The new HBO series is a much truer adaptation.
The first season of His Dark Materials has just been completed, covering the events of the first novel and introducing a few of the characters from the second. Lyra is a young teenage girl who was raised in a fantasy Oxford, in a world where people’s souls live outside their bodies in the shape of animals called daemons. When children start going missing however, she must go on a journey to find them.
I’m not going to go on and on about how dark and gritty it is. You probably already got the idea of what the show looks like the second I mentioned that it was made by HBO, but I will say that the world feels more real. Film makers have a tendency to pump up the vibrancy and color when they want to create something for children. Everything sparkles and shines, looking clean and new.

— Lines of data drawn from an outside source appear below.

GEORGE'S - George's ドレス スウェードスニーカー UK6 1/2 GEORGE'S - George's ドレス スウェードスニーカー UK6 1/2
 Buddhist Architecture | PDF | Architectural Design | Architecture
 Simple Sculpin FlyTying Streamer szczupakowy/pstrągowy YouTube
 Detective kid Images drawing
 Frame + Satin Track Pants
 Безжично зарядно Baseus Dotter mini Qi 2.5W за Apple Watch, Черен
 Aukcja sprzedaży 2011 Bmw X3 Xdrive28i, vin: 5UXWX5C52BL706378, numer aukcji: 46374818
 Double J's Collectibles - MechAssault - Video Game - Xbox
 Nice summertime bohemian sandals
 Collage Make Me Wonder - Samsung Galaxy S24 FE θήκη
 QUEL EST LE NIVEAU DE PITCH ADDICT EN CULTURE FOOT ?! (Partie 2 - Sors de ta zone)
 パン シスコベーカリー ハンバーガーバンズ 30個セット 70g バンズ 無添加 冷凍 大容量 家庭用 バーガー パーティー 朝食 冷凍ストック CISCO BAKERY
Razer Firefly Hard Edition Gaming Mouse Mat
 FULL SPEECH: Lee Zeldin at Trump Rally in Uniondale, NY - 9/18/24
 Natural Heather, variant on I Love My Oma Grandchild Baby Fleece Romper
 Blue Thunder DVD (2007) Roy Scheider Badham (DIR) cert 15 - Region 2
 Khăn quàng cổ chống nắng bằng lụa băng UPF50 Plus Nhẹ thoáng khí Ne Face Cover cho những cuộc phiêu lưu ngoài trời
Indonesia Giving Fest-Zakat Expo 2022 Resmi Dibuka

I have always maintained that His Dark Materials is a series that features a young adult protagonist, but that doesn’t mean that it is intended for a young adult audience. The series explores themes of moral relativity, deconstructing fairy tales and questioning authority, (particularly that of organized religion.)
I want to be clear. I don’t think adaptations need to be 1:1 replications of everything that happens in a book. Visual media has a different tool set. Sound, set design, costume design, the actor’s performances and camera direction can all portray information in their own unique ways. Sometimes altering the details of how a story is told can be beneficial to adapting it to a new style, but you shouldn’t change what the story is fundamentally about. At that point, you’re simply capitalizing on a name and deceiving your audience.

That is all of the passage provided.